(first appeared at valterramagazines.com on 2/1/2014)
I'm not sure what I thought hiking entailed. It seems easy enough when you think about it, one foot in front of the other as gorgeous scenery unfolds in front of you. When it was suggested to me that I join a few of my friends for a few days of hiking along the Appalachian Trail I thought nothing of giving the idea a rousing thumbs up. While not in tremendous shape, it never occurred to me that it would require anything more than a small dose of physical fitness. If things got a bit dicey I could always grab a walking stick. To make sure I left nothing to chance I even dragged out a pair of hiking boots I'd purchased a few years back when I was threatened with a similar activity. I found them on a discount rack at a discount store for $12. I'd never worn them but they certainly looked like the type of footwear I'd seen on rugged mountain men in antiperspirant commercials.

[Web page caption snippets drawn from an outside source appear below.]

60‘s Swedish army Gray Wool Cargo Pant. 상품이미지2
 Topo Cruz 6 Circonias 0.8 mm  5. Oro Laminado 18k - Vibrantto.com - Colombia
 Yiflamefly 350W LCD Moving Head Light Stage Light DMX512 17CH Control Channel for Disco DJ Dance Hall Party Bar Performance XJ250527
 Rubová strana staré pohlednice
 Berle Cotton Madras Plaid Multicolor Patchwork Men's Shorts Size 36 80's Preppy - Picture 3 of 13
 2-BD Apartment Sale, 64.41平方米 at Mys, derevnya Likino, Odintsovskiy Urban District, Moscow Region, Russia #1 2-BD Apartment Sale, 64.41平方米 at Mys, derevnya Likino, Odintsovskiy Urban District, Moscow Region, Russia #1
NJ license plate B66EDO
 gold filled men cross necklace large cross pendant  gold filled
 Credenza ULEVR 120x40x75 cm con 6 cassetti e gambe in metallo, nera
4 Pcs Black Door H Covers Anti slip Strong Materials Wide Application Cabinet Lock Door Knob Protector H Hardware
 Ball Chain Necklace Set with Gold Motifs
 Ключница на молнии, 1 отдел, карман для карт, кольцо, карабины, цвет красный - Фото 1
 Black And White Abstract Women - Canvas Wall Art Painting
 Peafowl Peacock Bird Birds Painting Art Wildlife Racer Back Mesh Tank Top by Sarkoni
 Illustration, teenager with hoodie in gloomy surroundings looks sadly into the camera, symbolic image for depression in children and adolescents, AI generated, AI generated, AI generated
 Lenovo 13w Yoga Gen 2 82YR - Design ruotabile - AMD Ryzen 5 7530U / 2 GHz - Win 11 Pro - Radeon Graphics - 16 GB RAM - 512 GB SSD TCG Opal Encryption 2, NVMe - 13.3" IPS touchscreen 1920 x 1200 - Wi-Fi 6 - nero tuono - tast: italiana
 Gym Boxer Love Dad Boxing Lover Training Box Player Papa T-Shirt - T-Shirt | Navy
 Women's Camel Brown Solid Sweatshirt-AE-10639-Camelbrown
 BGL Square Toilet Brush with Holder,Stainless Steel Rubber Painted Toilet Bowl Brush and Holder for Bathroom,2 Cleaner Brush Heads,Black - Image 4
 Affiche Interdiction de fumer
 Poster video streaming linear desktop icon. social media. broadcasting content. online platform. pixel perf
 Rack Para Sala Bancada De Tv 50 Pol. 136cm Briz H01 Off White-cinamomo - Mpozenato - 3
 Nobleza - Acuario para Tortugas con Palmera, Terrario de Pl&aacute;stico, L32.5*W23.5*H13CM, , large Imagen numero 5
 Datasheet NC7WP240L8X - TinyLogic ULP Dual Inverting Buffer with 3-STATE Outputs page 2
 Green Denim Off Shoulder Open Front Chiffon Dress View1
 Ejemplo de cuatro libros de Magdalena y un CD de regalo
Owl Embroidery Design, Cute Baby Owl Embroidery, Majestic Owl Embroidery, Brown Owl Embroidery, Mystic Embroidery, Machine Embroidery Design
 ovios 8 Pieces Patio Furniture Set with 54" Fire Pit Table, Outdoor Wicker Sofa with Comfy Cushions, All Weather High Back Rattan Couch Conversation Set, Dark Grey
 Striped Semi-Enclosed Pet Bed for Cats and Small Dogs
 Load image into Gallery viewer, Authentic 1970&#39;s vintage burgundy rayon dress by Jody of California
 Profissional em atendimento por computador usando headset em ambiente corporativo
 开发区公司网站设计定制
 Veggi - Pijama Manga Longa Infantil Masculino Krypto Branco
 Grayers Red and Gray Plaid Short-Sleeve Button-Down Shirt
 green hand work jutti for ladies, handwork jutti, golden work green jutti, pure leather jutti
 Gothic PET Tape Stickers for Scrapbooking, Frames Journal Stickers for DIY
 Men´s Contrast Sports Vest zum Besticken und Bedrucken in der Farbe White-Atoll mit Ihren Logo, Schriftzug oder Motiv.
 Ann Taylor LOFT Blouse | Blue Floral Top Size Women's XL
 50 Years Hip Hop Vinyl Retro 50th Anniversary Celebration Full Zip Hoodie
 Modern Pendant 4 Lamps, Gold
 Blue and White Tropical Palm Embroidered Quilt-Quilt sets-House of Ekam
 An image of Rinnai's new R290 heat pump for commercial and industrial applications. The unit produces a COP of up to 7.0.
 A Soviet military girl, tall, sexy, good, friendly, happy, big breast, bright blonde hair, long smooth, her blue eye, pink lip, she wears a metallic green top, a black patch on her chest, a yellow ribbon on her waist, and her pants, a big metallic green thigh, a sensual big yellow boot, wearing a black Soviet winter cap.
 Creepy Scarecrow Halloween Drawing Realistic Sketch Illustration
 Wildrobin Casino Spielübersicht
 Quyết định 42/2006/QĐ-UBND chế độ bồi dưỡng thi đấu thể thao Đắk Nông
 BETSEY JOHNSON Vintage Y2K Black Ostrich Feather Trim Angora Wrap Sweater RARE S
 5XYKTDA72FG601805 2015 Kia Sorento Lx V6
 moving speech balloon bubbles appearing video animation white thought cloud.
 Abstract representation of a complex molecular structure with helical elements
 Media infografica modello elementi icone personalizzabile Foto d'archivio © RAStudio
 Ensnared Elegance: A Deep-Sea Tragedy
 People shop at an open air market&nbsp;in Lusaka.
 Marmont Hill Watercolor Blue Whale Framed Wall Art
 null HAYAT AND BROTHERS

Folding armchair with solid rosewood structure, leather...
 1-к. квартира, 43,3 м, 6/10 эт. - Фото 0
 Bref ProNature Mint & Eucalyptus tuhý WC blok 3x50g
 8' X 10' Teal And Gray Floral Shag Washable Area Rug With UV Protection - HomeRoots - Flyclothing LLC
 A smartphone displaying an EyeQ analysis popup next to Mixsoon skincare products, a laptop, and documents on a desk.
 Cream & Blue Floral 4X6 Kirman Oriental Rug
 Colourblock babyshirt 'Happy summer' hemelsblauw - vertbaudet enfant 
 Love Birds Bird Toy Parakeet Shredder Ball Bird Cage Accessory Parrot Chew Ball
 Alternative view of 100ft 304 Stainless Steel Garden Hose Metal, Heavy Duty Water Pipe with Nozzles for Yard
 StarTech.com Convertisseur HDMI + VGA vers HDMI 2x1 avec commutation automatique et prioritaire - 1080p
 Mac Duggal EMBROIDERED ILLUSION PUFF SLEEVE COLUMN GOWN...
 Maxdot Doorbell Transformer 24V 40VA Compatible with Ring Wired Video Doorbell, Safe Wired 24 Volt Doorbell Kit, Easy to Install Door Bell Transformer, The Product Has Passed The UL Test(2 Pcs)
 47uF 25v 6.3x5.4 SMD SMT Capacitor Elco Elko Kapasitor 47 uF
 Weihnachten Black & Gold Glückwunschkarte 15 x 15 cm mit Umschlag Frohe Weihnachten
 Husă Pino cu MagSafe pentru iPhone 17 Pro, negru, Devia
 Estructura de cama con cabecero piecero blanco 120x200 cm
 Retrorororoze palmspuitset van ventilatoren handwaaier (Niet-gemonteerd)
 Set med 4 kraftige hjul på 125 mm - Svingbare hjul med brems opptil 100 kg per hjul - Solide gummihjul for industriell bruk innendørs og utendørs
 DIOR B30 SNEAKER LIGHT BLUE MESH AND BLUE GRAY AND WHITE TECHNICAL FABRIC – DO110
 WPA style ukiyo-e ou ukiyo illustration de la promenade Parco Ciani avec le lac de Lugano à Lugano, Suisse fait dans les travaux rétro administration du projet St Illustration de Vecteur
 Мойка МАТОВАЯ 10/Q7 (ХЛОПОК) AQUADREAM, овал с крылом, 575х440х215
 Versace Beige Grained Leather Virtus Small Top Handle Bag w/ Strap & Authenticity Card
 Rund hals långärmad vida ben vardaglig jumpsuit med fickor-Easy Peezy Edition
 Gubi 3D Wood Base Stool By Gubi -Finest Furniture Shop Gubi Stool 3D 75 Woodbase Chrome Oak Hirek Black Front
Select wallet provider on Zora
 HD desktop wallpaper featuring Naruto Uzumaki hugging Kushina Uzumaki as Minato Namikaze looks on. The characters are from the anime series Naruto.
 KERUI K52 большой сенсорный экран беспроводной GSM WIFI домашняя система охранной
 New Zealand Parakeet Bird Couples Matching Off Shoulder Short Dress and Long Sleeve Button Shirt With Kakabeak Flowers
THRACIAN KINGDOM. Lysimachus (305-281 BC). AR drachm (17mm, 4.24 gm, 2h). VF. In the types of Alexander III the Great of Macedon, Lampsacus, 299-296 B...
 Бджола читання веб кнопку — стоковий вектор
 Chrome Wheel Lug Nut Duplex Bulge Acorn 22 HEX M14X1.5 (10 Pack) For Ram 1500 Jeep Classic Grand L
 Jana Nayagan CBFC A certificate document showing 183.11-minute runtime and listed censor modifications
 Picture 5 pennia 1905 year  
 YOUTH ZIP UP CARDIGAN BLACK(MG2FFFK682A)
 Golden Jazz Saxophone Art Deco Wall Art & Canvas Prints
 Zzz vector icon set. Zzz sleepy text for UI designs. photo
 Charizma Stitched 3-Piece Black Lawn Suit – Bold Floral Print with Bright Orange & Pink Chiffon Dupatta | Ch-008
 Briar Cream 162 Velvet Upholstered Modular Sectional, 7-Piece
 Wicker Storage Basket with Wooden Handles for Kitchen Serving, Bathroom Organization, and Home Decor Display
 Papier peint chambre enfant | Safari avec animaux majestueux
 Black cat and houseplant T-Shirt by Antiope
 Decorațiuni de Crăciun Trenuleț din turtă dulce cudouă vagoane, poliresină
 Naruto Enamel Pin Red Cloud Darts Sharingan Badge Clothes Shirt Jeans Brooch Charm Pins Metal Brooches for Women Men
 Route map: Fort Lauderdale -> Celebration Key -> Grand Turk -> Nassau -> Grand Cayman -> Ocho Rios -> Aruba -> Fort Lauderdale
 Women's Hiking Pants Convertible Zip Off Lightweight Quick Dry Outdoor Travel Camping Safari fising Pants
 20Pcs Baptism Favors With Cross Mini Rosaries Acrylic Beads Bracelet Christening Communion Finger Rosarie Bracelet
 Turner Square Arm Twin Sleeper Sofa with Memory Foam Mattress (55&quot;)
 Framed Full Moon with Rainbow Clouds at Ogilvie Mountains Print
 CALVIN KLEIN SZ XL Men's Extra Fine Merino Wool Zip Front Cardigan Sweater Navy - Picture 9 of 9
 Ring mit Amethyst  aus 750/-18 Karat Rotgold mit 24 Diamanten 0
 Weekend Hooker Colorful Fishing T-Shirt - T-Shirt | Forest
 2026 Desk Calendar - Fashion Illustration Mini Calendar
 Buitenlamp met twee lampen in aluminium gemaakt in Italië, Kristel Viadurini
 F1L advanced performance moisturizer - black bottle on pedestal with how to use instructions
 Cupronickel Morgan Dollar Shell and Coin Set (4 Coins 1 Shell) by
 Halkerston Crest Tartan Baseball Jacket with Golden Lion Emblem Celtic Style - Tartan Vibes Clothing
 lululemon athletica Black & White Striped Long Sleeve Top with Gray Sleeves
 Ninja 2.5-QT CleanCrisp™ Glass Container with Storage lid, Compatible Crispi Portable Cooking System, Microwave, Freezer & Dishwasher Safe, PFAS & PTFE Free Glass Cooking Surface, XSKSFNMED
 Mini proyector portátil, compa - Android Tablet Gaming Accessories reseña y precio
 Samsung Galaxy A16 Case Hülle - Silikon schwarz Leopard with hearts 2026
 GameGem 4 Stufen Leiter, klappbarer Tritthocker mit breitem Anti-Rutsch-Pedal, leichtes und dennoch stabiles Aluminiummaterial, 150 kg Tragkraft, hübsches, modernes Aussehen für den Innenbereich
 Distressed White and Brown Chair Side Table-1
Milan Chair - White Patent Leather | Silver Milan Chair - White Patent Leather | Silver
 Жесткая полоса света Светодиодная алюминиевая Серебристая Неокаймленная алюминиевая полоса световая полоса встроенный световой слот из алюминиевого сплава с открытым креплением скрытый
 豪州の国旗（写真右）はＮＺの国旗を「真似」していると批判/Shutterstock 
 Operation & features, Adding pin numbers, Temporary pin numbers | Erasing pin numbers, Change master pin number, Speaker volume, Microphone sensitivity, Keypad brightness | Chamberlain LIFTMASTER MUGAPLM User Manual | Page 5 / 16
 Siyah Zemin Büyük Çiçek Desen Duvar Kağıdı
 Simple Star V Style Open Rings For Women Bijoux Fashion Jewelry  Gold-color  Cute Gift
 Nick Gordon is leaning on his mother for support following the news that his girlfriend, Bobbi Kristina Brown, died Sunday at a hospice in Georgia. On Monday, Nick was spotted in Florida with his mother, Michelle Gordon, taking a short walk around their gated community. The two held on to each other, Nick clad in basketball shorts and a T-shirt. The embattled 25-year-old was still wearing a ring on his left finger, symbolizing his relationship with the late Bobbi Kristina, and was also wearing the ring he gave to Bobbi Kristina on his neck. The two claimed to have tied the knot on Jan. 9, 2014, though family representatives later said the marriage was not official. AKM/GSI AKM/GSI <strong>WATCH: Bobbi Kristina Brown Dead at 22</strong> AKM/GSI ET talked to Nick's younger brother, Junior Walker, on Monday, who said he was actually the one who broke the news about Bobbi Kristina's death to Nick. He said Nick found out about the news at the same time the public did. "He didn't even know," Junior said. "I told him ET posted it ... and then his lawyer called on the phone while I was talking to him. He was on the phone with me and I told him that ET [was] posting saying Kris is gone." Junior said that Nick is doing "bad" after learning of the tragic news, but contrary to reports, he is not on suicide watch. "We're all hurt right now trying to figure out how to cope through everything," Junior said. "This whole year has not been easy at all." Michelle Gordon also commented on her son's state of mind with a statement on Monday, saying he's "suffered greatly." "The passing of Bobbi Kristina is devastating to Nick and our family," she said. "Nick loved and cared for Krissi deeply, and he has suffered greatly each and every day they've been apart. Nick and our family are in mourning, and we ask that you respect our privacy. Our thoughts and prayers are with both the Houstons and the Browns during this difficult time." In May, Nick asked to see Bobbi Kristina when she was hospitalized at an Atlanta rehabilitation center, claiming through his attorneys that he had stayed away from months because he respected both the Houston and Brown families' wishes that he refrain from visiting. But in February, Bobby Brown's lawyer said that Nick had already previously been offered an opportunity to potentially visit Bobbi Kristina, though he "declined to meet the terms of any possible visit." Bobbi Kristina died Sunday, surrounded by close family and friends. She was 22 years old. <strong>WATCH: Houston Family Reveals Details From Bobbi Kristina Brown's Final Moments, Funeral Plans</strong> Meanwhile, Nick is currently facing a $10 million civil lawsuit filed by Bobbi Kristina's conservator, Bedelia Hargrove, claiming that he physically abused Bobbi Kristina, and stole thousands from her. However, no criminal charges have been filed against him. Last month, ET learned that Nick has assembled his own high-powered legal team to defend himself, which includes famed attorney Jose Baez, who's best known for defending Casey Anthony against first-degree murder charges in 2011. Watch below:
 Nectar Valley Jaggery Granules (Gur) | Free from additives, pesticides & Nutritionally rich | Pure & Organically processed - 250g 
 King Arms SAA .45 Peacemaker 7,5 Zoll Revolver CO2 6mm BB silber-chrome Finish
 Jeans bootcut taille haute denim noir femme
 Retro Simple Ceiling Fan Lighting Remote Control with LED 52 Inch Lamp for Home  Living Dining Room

Were you aware that to even get on the Appalachian Trail requires a hike of several miles? Most of it uphill in the kind of rocky territory that is usually home to those goats that you see standing sideways on mountains whose tops are typically covered in fog banks?
I was not aware of that.
I had gone no further than a hundred yards when I began to realize that my $12 hiking boots were not going to be up to the challenge. With apologies to Nancy Sinatra, these boots were not made for walking.
And when I say “trail” I mean it in only the loosest meaning of the word. Whereas I was expecting cheerful signs every few feet what I saw before me was a few trees with a small splash of fading orange or completely faded orange markings on them separated by at least ten thousand other trees. It was like playing Where's Waldo if Waldo had gone into a Witness Protection program and had been told to lose the red and white striped shirt, ditch the glasses and dye his hair blonde.
Another thing I noticed as we began our climb was my friend's legs. They looked like pencils with oranges protruding where their calf muscles should have been. I looked down at my legs and saw two pencils with absolutely nothing where my calf muscles should be. I won't even bother describing their thighs ... except to say that they wouldn't have looked entirely out of place on the average Greek statue. You know the kind I'm talking about, the type where some hero or other is hoisting some heavy object over their head or wrestling a lion or whatnot.
We weren't twenty minutes in and the good-natured ribbing- at my expense of course- began. The sun had barely crept over the horizon on day one of a three day hike and already I could taste blood in my mouth.
Blood and despair.
I began a steady stream of lamentations under my breath as I realized that it would be at least another mile of uphill climbing before we actually reached the “beginning” of our hike. Quietly I cursed the birds and wished terrible things upon my friends. If only one of them would trip and tumble down the hill and break their spine I could save face and end this debacle.
But it was not to be. Cruel fate kept my friends safe and upbeat and I continued to hurl obscenities at any creature that had the misfortune of appearing in front of me. Walking sticks, despite what you might have seen in the movies, are of no help at all.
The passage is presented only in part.